Generates \(X\) (optionally low-rank) and \(Y = X_{\text{aug}} \beta + \varepsilon\) where \(X_{\text{aug}}\) includes an intercept column.

Parameters:
  • n_samples (int) – Number of samples.

  • n_features (int) – Number of features (columns of \(X\)).

  • n_targets (int) – Number of target (response) variables.

  • effective_rank (int or None, optional) – If provided, the design matrix \(X\) is generated as a low-rank matrix with this effective rank. Otherwise \(X\) is i.i.d. standard normal.

  • variance (np.ndarray or None, optional) – Per-sample noise variance. If None, defaults to 0.01 * mean(X^2) per sample.

  • random_state (int, default=123) – Random seed for reproducibility.

Returns:

  • X (np.ndarray) – Feature matrix with shape (n_samples, n_features).

  • Y (np.ndarray) – Response matrix with shape (n_samples, n_targets).

bayesgm.datasets.simulators.simulate_low_rank_data(n_samples=10000, z_dim=2, x_dim=4, rank=2, sigma_z=False, random_state=123)[source]

Simulate low-rank observed data with latent variables.

The generator is: - Z ~ N(0, I) - X | Z ~ N(mu(Z), Sigma(Z))

Parameters:
  • n_samples (int, default=10000) – Number of samples.

  • z_dim (int, default=2) – Dimension of latent variable Z.

  • x_dim (int, default=4) – Dimension of observed variable X.

  • rank (int, default=2) – Rank for the low-rank covariance component.

  • sigma_z (bool, default=False) – If True, covariance Sigma depends on Z (scaled by z[0]). If False, Sigma is constant across samples.

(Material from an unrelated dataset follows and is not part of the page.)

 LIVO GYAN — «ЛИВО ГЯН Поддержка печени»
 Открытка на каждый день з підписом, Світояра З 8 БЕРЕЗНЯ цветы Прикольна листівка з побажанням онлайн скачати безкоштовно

  • random_state (int, default=123) – Random seed for reproducibility.

Returns:

  • X (np.ndarray) – Observed data with shape (n_samples, x_dim).

  • Z (np.ndarray) – Latent variables with shape (n_samples, z_dim).

bayesgm.datasets.simulators.simulate_heteroskedastic_data(n=1000, d=5, seed=42)[source]

Simulate a heteroskedastic regression dataset.

The noise standard deviation depends on the second feature \(X_2\): sigma = 0.5 + 0.5 * sin(2 * pi * X_2) (clipped to [0.1, 2.0] outside \(|X_2| > 2\)).

Parameters:
  • n (int, default=1000) – Number of samples.

  • d (int, default=5) – Number of features.

  • seed (int, default=42) – Random seed.

Returns:

  • X (np.ndarray) – Feature matrix with shape (n, d).

  • Y (np.ndarray) – Response vector with shape (n,).

  • sigma (np.ndarray) – True noise standard deviation with shape (n,).

bayesgm.datasets.simulators.simulate_z_hetero(n=20000, k=3, d=19, seed=42)[source]

Simulate a latent-factor heteroskedastic regression dataset.

Observed features \(X\) are a noisy low-rank projection of a \(k\)-dimensional latent variable \(Z\). The response \(Y\) depends nonlinearly on \(Z\) with heteroskedastic noise.

Parameters:
  • n (int, default=20000) – Number of samples.

  • k (int, default=3) – Dimension of the latent variable \(Z\).

  • d (int, default=19) – Number of observed features.

  • seed (int, default=42) – Random seed.

Returns:

  • X (np.ndarray) – Observed feature matrix with shape (n, d).

  • Y (np.ndarray) – Response vector with shape (n,).